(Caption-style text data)

········

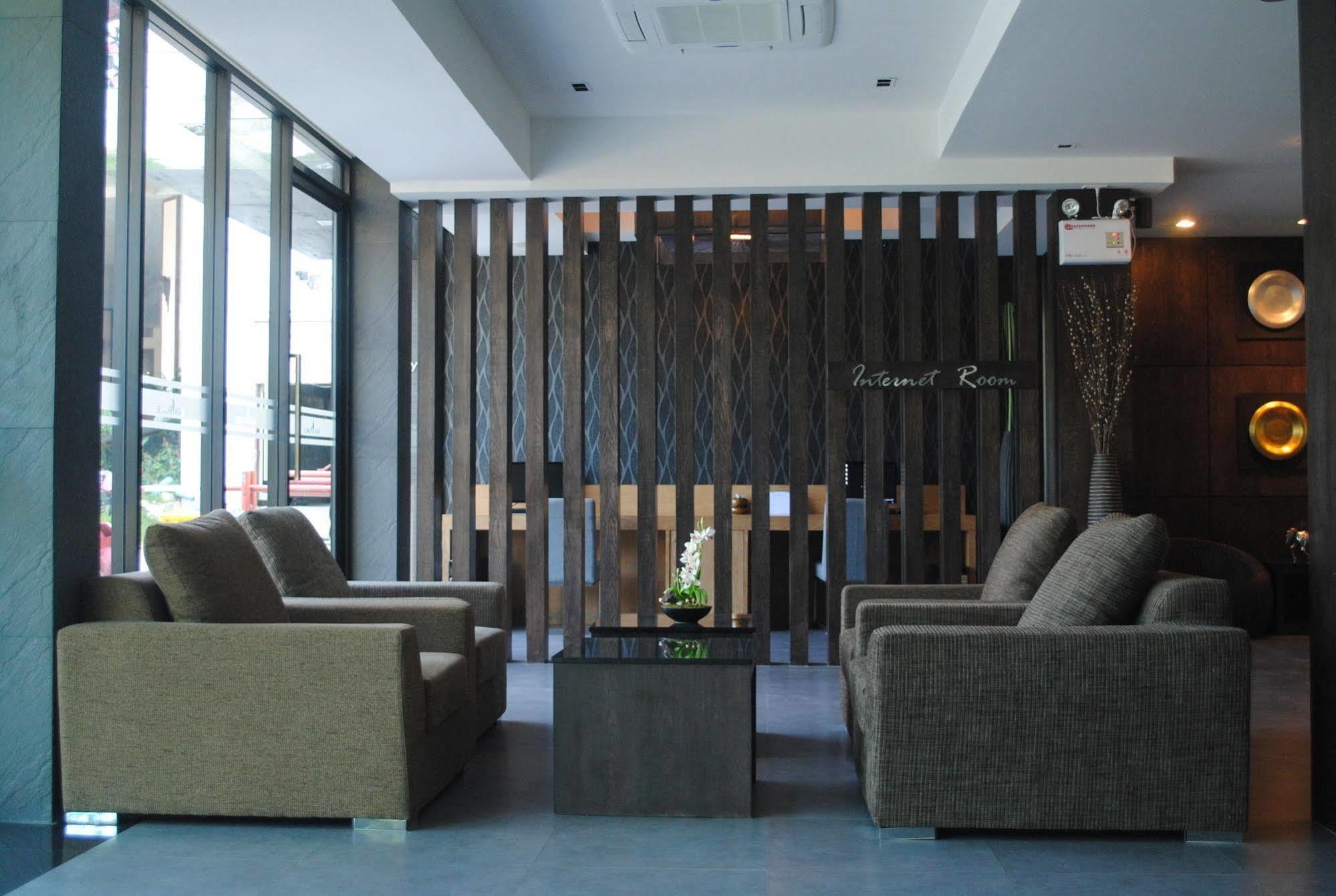 Inn Place Serviced Residence Pattaya Exterior foto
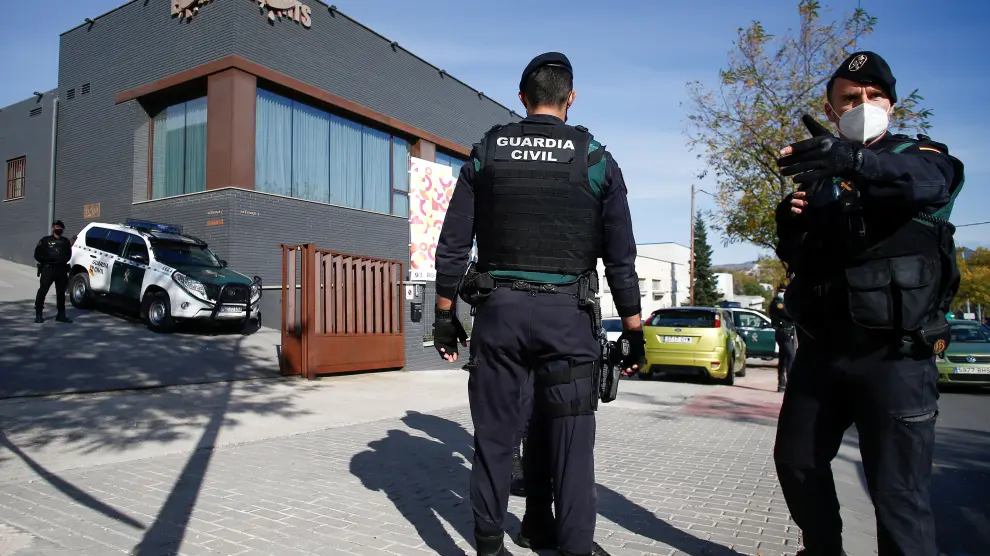 Varios detenidos por desvío de fondos para gastos Puigdemont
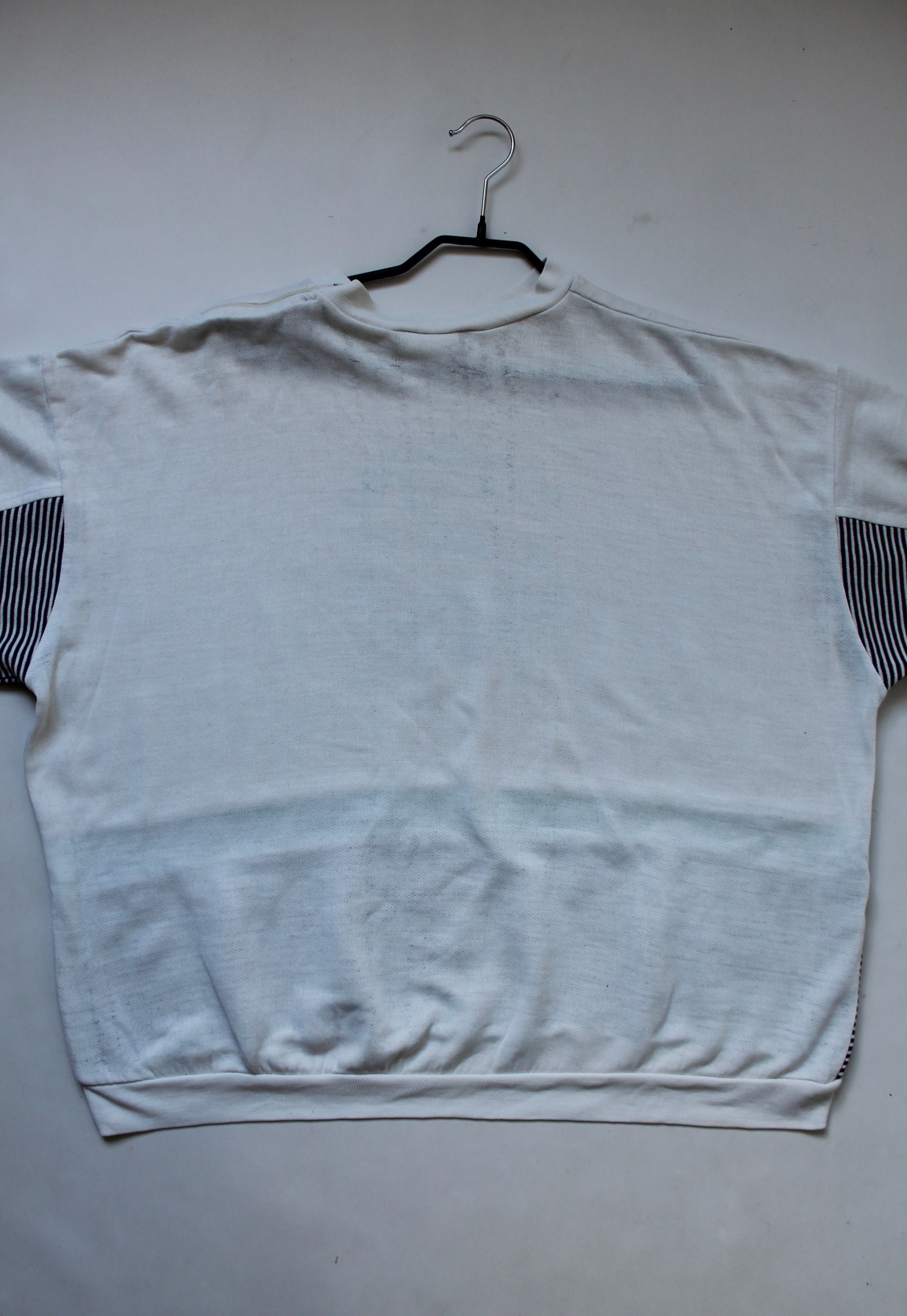 Vintage 80's - 90 Surf Knee Style Sweatshirt Rare Vintage Oversize Size US L / EU 52-54 / 3 - 10 Thumbnail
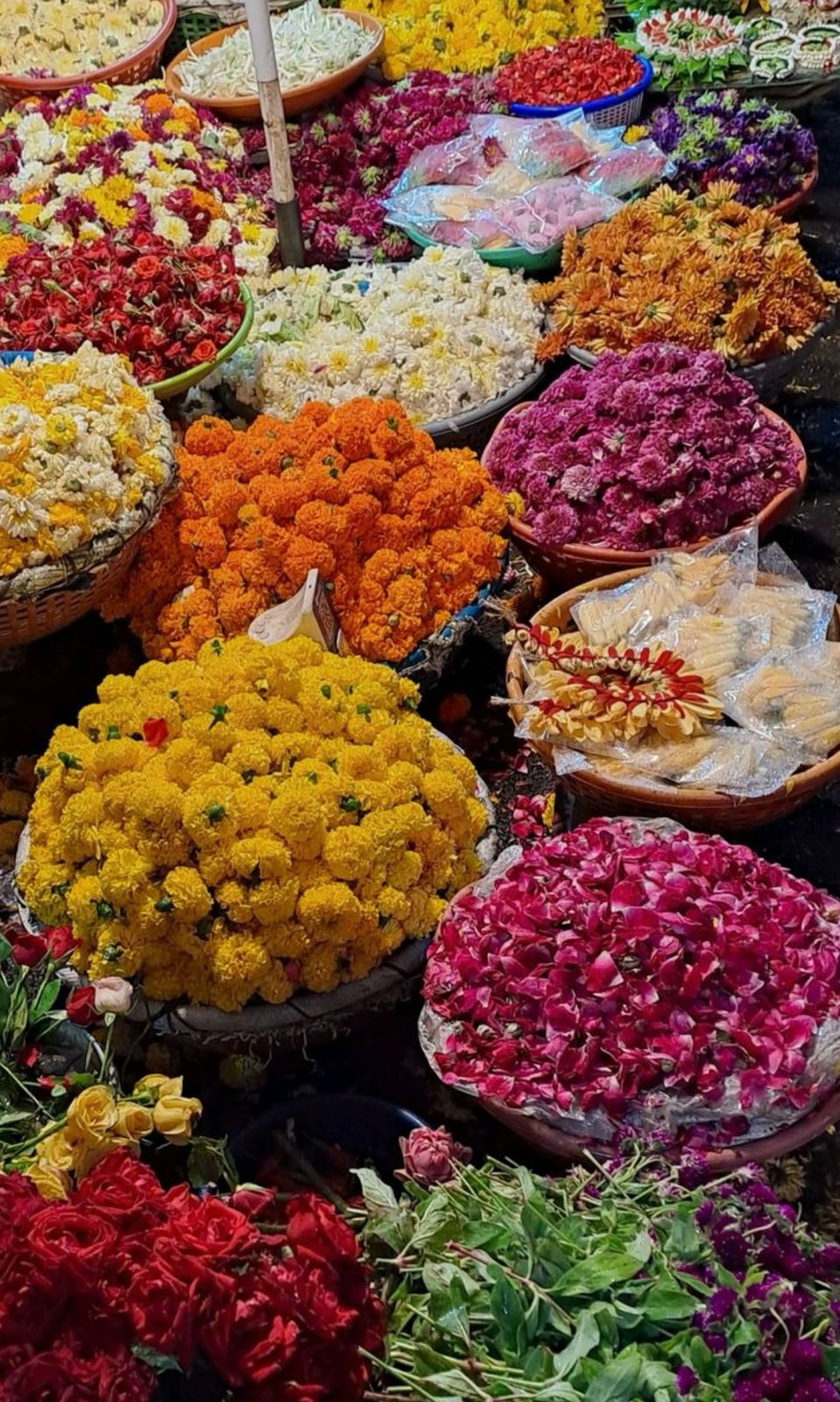 4. Chandi Ki Taksal, Vegetable & Flower Markets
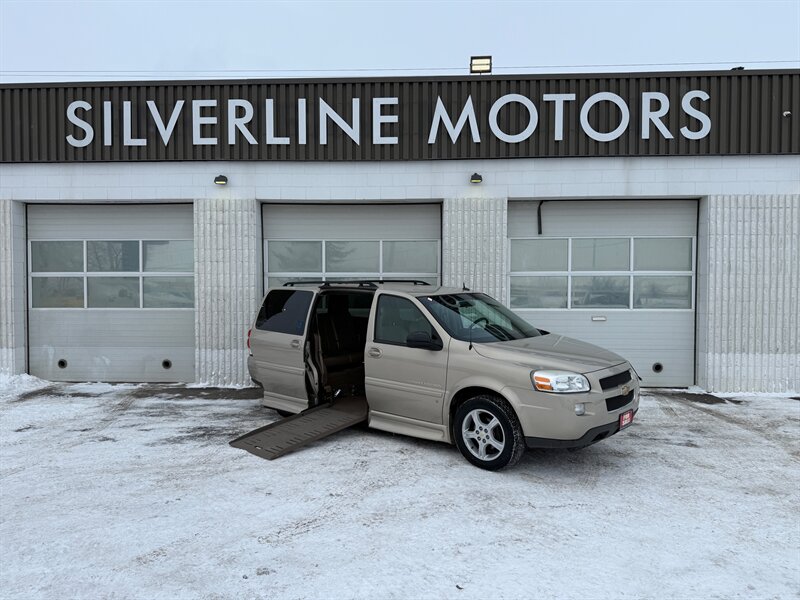 2007 Chevrolet Uplander WHEELCHAIR VAN   - Photo 1 - Winnipeg, MB R2J 3T3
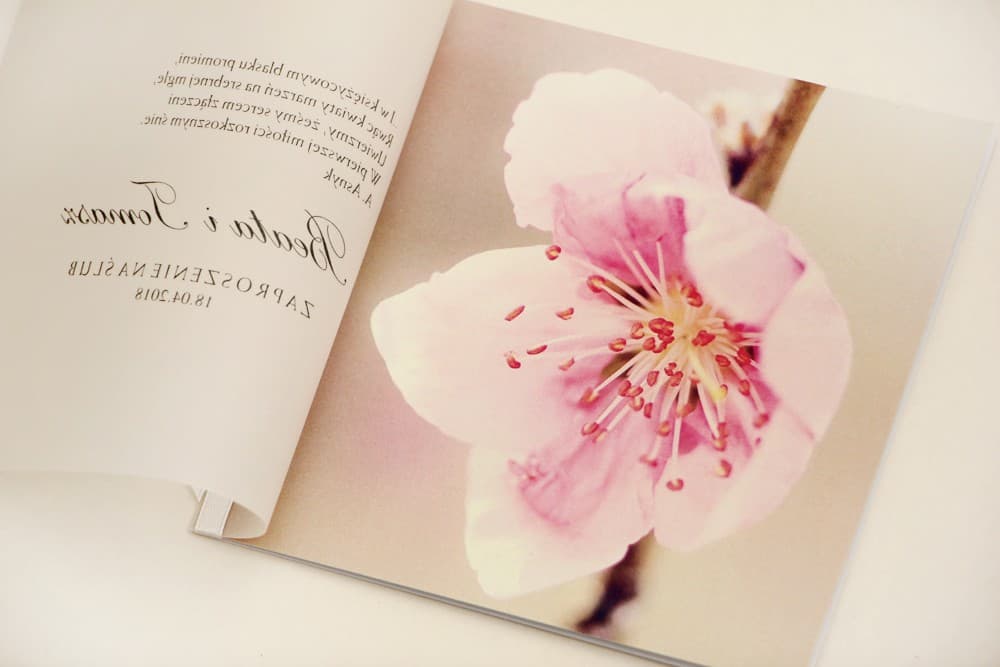 Subtelne nowoczesne zaproszenia ślubne z kalką i kwiatem wiśni, przewiązane tasiemką - Elegant nr 12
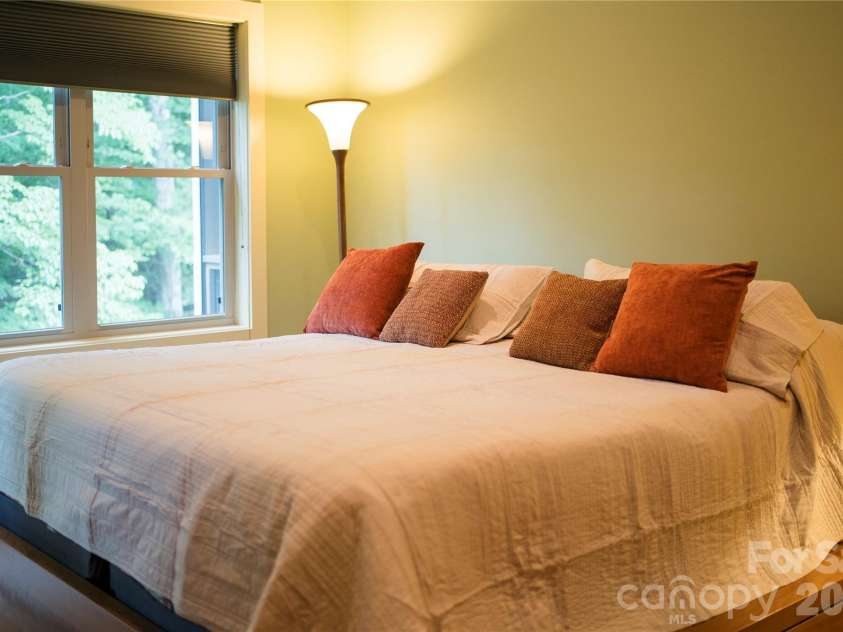 45 Sunset Drive, Swannanoa, NC 28778.  MLS# CAR4393555, YatesRealty ID 35888. 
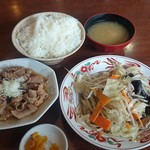 レストラン 倉井 - 野菜炒め定食＆もつ煮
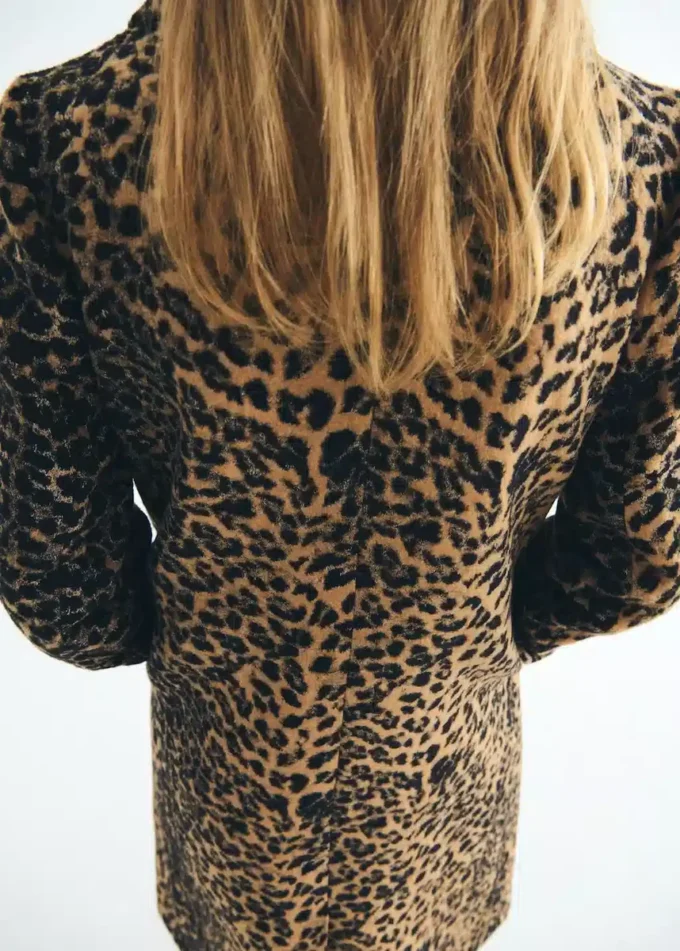 Cappotto lungo con stampa leopardata Cappotto lungo con stampa leopardata
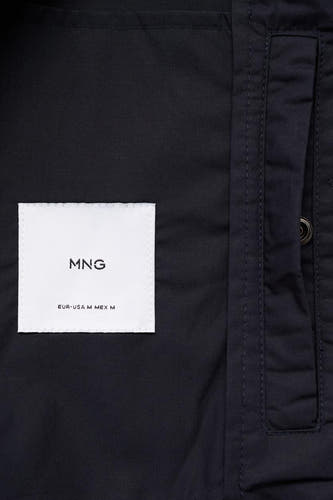 Blauwe korte jas van MANGO met merklabel en zakdetail.
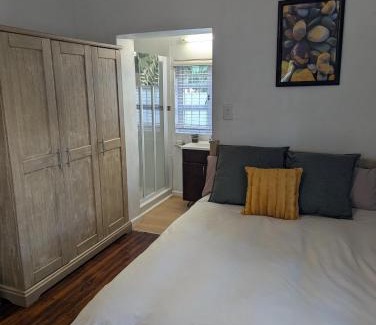 Stellenbosch Bed & Breakfast | Cosy homestay in green area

········

▸ Activity:
Restate word for word the lines from the line with "Cappotto lungo con stampa leopardata Cappotto" to the last line of the records above, inclusive, and omit every picture.

▸ Completed task:
 Cappotto lungo con stampa leopardata Cappotto lungo con stampa leopardata
 Blauwe korte jas van MANGO met merklabel en zakdetail.
 Stellenbosch Bed & Breakfast | Cosy homestay in green area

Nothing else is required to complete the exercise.